2.5.3. Point Value Based on Linear Distance

A third method for generating the voxel intensity is to use a slightly less aggressive approach when lowering the point intensities close to the sensor, so that voxels with multiple measurements are awarded a higher intensity value. To achieve this, the cutoff distance $z_c$ at which it is impossible to get more than one measurement inside a voxel is calculated, i.e., where $N_p\left(z\right)=1$:

$$z_c=\sqrt{\frac{d_v^2}{c}}.$$

(6)

When inserting an octree resolution $d_v$ of e.g., $0.04$ $\mathrm{m}$, this distance is $14.57$ m. The point intensity value is then defined as simply

$$I_p\left(z\right)=\frac{z}{z_c}.$$

(7)

Figure 5 shows $I_p\left(z\right)$ for the three different methods outlined above for the Kinect V2 depth sensor. The values are capped at 1.0 after the cutoff distance $z_c$, thus preventing single point intensities from exceeding the 0–1 range.

2.5.4. Voxel Intensity

In the previous paragraphs, three methods for generating point intensity were presented. The final step is to generate an intensity value for the voxel that is encapsulating the points. The voxel intensity is defined as follows:

$$I_v=\sum _{i=1}^n{I}_p\left(i\right),$$

(8)

where n is the number of points inside the voxel. When using $I_p$ from Equation (1), the generated value is an integer value corresponding to the number of points. Using Equation (5), $I_v$ will accumulate towards 1 when the voxel is filled up with points. However, as $N_p\left(z\right)$ is an approximation, $I_v$ may accumulate to slightly more than 1, hence $I_v$ is capped in the software so that it will never exceed 1 when using Equation (5). The voxel intensity generated based on Equation (7) may accumulate to more than 1 if there are multiple measurements inside the voxel. This must be taken into account during the octree serialization process, where the intensity value is converted to an 8-bit integer value by the following method:

$$I_v^{int}=\left\{\begin{array}{cc}{I}_v·255\hfill & \mathrm{for}{I}_v\le 1,\hfill \\ 255\hfill & \mathrm{for}{I}_v>1.\hfill \end{array}\right.$$

(9)

As described in Section 2.4, the maximum quantization error when converting a floating point range 0–1 into an integer range 0–255 is $\pm 0.00195$. If only a single point is registered in a voxel, the point intensity value $I_p$ must be larger than the quantization error for it not to be set to zero. For $I_p$ according to Equation (1), this is not an issue as the value is already an integer and does not need to be converted. This means that, if there are more than 255 points in a voxel, the intensity value will be capped at 255 and not reflect the real point count. However, this can only happen when the Kinect V2 measures objects closer than approximately 1 $\mathrm{m}$ when using a 4 cm octree resolution, which will never happen in our scenario.

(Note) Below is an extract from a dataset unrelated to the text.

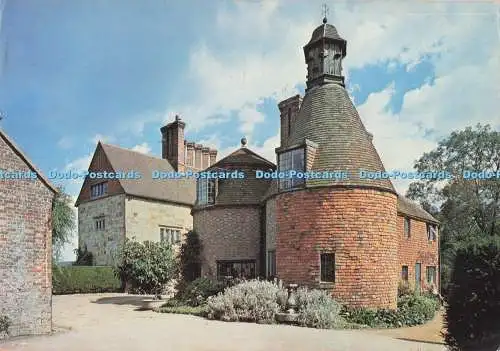 D294659 Bateman. Burwash. E. Sussex. The Twin Roundel Oast House. J. Arthur Dixo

The worst case scenario happens when using Equation (5), where point intensities close to the sensor are very small. However, it can be shown that, when using an octree resolution of $0.04$ $\mathrm{m}$, which is the largest resolution used in the experiments in this paper, the smallest possible point intensity is 0.0047 at a distance $1.0$ $\mathrm{m}$ from the sensor, which is more than double the quantization error.

The methods used in the examples in this section are only valid for the Kinect V2 or similar sensors. Other methods for generating the voxel intensity may be designed for different sensor types or depending on the application. For example, for the Velodyne PUCK lidar connected to one of the sensor nodes, the intensity value already exists and does not need to be calculated.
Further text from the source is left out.